With post-modernist fingerprints all over the scene, corrupt law enforcement agencies miming purposeful activity, and a largely indifferent public being spoon-fed official non-explanations, the crime of the century—disappearance of passion and meaning, the flesh and blood of poetry—is likely to remain unsolved. Meanwhile, the finger-pointing continues: Derrida. Bernstein. Ashbery. Graham. Lousy editors. Ring-kissing critics. Tradition-phobic poets. The MFA factory. Attention-Deficit readers.
While keystone cop book-blurbers rush to and fro, praising each other’s efforts; while note-taking critics hear noises in the cellar and run to the attic to investigate; and while hall-of-fame editors take pictures of the crime scene to display on their walls, we, the victim’s family, friends, and lovers are left in silence trying to sustain the memory of the beloved body, trying to describe to others what was once compelling and alive.

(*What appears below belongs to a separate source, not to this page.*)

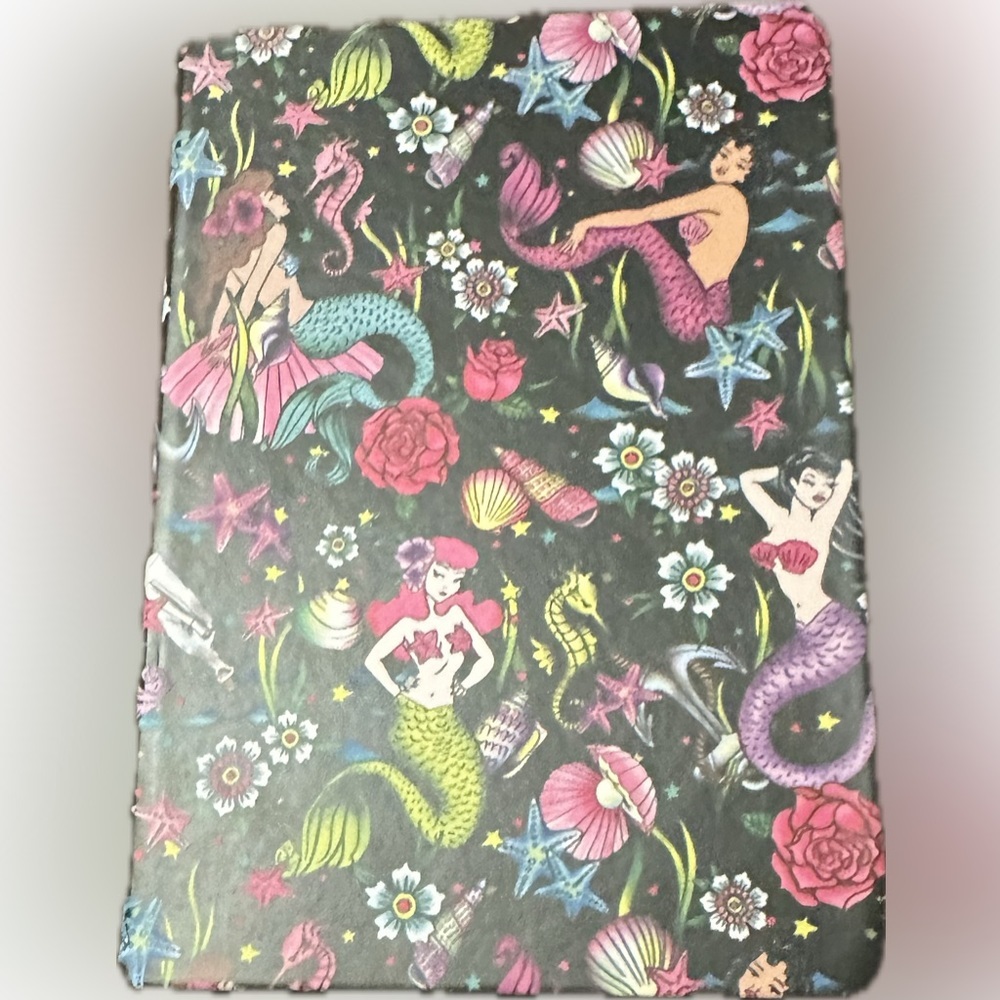 🧜‍♀️ Torrid 🧜‍♀️ Tattoo Lined Journal 💰3 for $30💰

In this issue of Perihelion, we explore poetry’s morphological echo, through discussion with a leading, finger-on-the-pulse critic, Steve Burt; through translations torn soul-first from their native language, through the profile of a poet who walks in narrative and post-narrative worlds, alert in both, eye on the body at all times; through reviews of today’s practitioners by impossible-to-fool reporters, and through a selection of poetry that ranges far in voice and style but keeps after that tantalizing shape under the sheet.
Welcome to this end-of-winter issue of Perihelion, wherein we deliver to you, the reader, the shape of the body; even, at times, the body itself—the longed-for presence of real poetry. Take a look. The evidence is all here.